The KijiMR framework provides command line tools to submit and monitor MapReduce jobs.

Overview of available tools

KijiMR provides the following command line tools: * kiji bulk-import: runs a bulk-importer job that imports data from an external data source into a Kiji table. * kiji produce: runs a producer job. * kiji gather: runs a gatherer job that processes the rows from a Kiji table and writes files, optionally using a reducer. * kiji bulk-load: bulk-loads the HFile output of a job into a KijiTable. * kiji mapreduce: runs an arbitrary Map/Reduce job using Kiji mappers and reducers. * kiji job-history: retrieve information about jobs previously run through kiji if enabled.

Using common-flags

Kiji commands bulk-import, produce and gather all recognize the following flags:

  • --kvstores=/path/to/store-specifications.xml: specifies the path of XML file describing the key/value stores used by the job.

  • --lib=/path/to/jars-directory/: specifies a directory of jar files that contain user code.

  • --start-row= and --limit-row=: Restrict the range of rows to scan through. The start row is included in the scan while the limit row is excluded. Start and limit rows are expressed in the same way as --entity-id for kiji get. For example as HBase encoded rows: --start-row='hex:0088deadbeef' or --limit-row='utf8:the row key in UTF8'.

Bulk importers must specify the name of the class providing the bulk-import logic:

  • --importer=java.package.BulkImporterClassName: specifies the KijiBulkImporter class to use.

Producers must specify the name of the class providing the producers logic:

  • --producer=java.package.ProducerClassName: specifies the KijiProducer class to use.

Gatherer must specify the name of the class providing the gathering logic, and optionally a reducing logic:

  • --gatherer=java.package.GathererClassName: specifies the KijiGatherer class to use.

  • --combiner=java.package.CombinerClassName: optionally specifies a Combiner class to use.

  • --reducer=java.package.ReducerClassName: optionally specifies a Reducer class to use.

Input/output formats

Jobs inputs and outputs are specified with the following flags:

  • --input=...: specifies the input of the job.

    The job input specification is formatted as --input="format= ...". Kiji recognizes the following job input formats:

    • avro: job input is an Avro container file, each input record is a pair (Avro key, NullWritable).

    • avrokv: job input is an Avro container file for key/value generic records.

    • htable: job input is an HTable, each input record is a pair (HBase row key, HBase Result). The address of the HBase cluster is pull from the local job configuration (ie. from the HBase configuration available on the classpath). Example: --input="format=htable htable=htable-table-name".

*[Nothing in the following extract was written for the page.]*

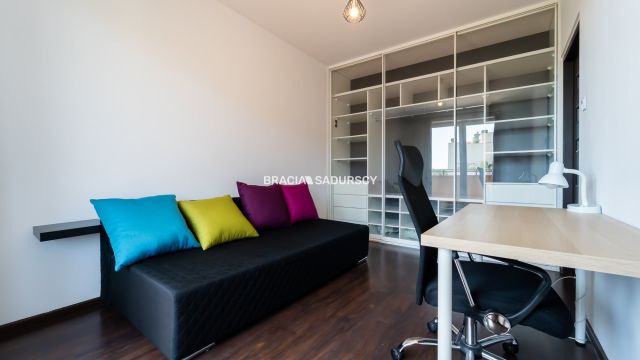 Mieszkanie 2-pokojowe Kraków Podgórze Duchackie, ul. Adama Bochenka. Zdjęcie 8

    • kiji: job input is a Kiji table, each input record is a pair (row entity ID, KijiRowData). Example: --input="format=kiji table=kiji://.env/default/input_table".

    • seq: job input is a Hadoop sequence file. Example: --input="format=seq file=hdfs://dfsmaster:9000/path/to/sequence-file/".

    • small-text-files: job input is a set of small text files, each input record is a pair (text file path, text file content). Example: --input="format=small-text-files file=hdfs://dfsmaster:9000/path/to/text-files/".

    • text: job input is a text file, each input record is a pair (position in the text file, line of text). Example: --input="format=text file=hdfs://dfsmaster:9000/path/to/text-file/".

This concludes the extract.